SUPPLIED INFORMATION.
*-*-*

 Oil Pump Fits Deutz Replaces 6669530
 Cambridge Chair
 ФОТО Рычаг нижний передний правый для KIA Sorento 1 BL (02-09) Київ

*-*-*

Return the listing above in its entirety, word for word.

ANSWER TO THIS PROBLEM.
 Oil Pump Fits Deutz Replaces 6669530
 Cambridge Chair
 ФОТО Рычаг нижний передний правый для KIA Sorento 1 BL (02-09) Київ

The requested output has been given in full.